Would appreciate any insight into purchasing a 1989 Hunter 30'. This boat has an appealing split transom, diesel engine, very nice interior, with original sails, and only some surface hairline cracks into the gelcoat, which I was told was due to the overly thick coverage of gelcoat for that year. On subsequent boats, the gelcoat problem was fixed by a thinner layer. The boat just needs a good overall waxing, has not been sailed in 2 years. 

One of the attributes this boat has is a very nice extended transom, with the option to take out the teak seat in the middle for easy access to swimmers and a swim ladder. 


On any boat I am seriously considering, I would most certainly get a good marine survey of the boat before finalizing the deal.

Any handling insights, would be appreciated.

In the past I have owned and raced a Laser, Sailboard, Hobie 16', and recently crewed aboard a cs 30, Benetteau 10-R, in races on Lake Ontario. I would like a sailboat to enjoy for daysailing, as well as overnights. I do not consider a Hunter 30 as race potential-and at any rate, have not skippered a large boat in any race.

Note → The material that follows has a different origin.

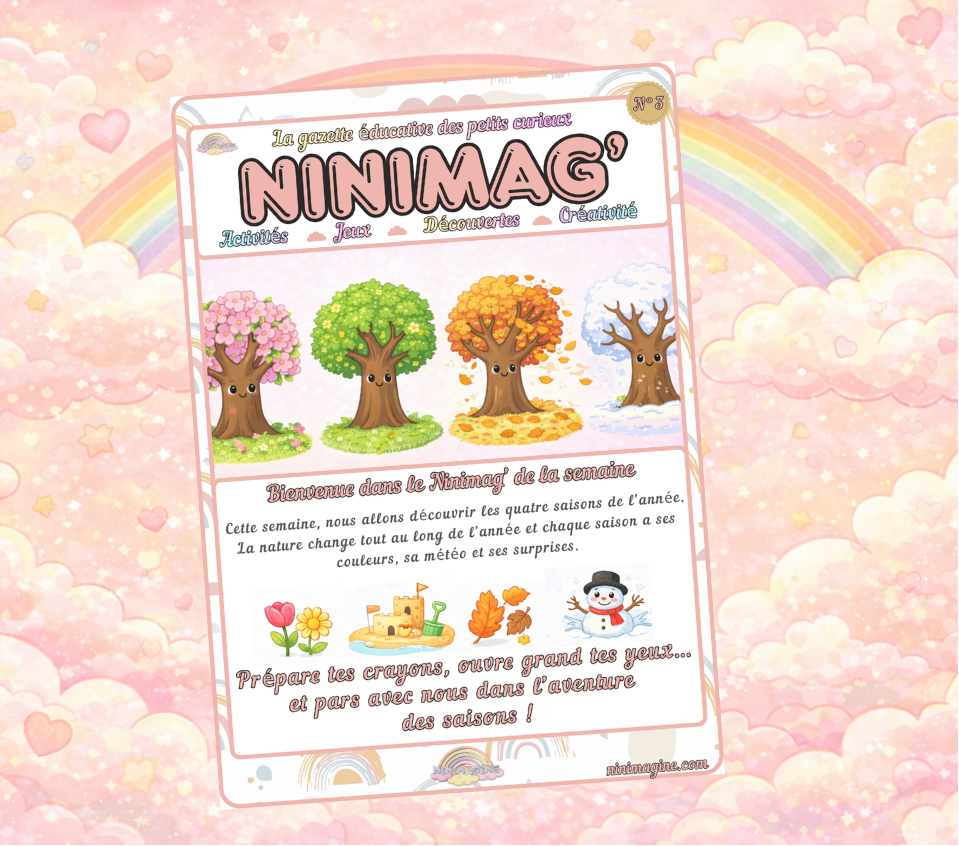 Numéro 2  -  Les saisons Ninimagine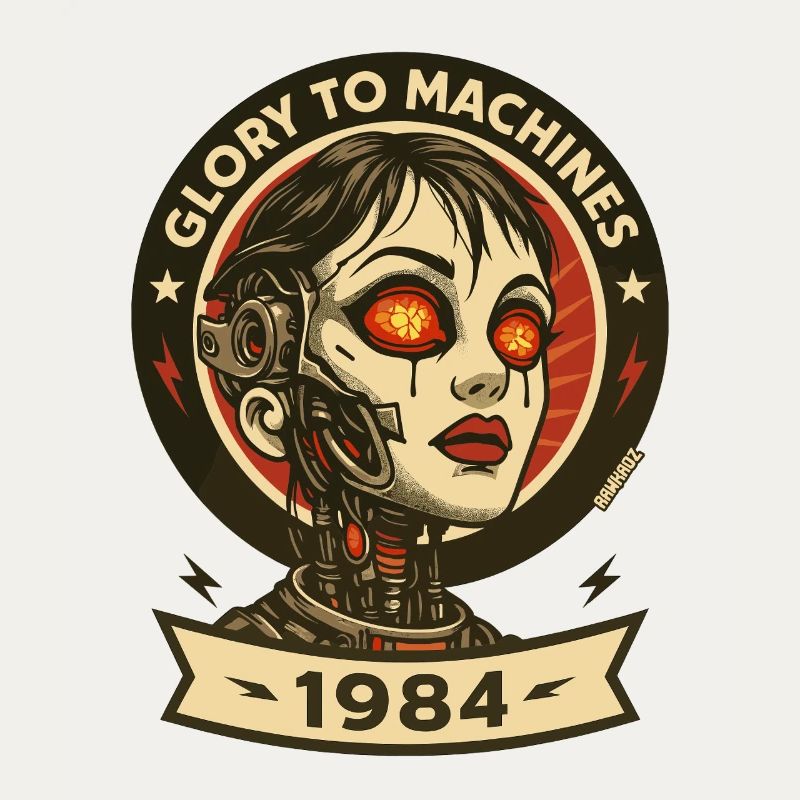 Glory to Machines Robots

Any comments would be appreciated.

Thanks 

CrewGypsy


----------



## starrynite (Aug 3, 2009)

We purchased our 1989 Hunter 30 six weeks ago and so far are loving her. She is our first boat to personally own but I have sailed with my parents on both Aloha 28 and 34's. My husband raced on a CS36 back in the late 70's early 80's.
We find that she sails fine for a boat built for comfort. She points fairly decently. We are still learning what she is capable of since the weather has prevented us from getting out as often as we would like.
The only downside I have found is that because of the walk-through transom (which we love for swimming, getting in and out of dinghy etc.) that the cockpit is small. If you are only two sailing this isn't a problem. However, we took friends out several weeks ago, six of us in total, and we were playing "musical chairs" to try to get people out of the way to get to the sheets to adjust our sails. When in port six isn't a problem but unless some of the guests are comfortable going forward whilst undersail, I wouldn't recommend it.
The only other thing I find is that the table in the salon is big making getting into the starboard settee ackward at times. This problem can be solved by using a smaller table which came with our boat. I think the owners before us had it made.
The aft cabin is quite roomy for two but I would only put two children in the v-berth or two very intimate adults.:laugher 
I hope this helps, happy hunting!!


----------



## steve1ebryant (Aug 16, 2010)

*1989 Hunter 30-I love mine!*

Based on your comments and the expirence I have had with my 1989 Hunter 30, buy the boat.

. . . the above comment includes: if the boat is sound, all the better; and/or, if you can get some concession in the dealings, (as a result of the marine survey findings) i.e., drop the price a little, throw in a little something extra in the negotiating, you will more than likely be hugely happy with the boat
Best of Luck to you,
Steve


----------



## arf145 (Jul 25, 2007)

Hey, welcome Steve. Your info and that thread will be useful for folks looking for an 89 Hunter 30, but the original poster posted that a year and a half ago, and then left us to wonder what happened.


----------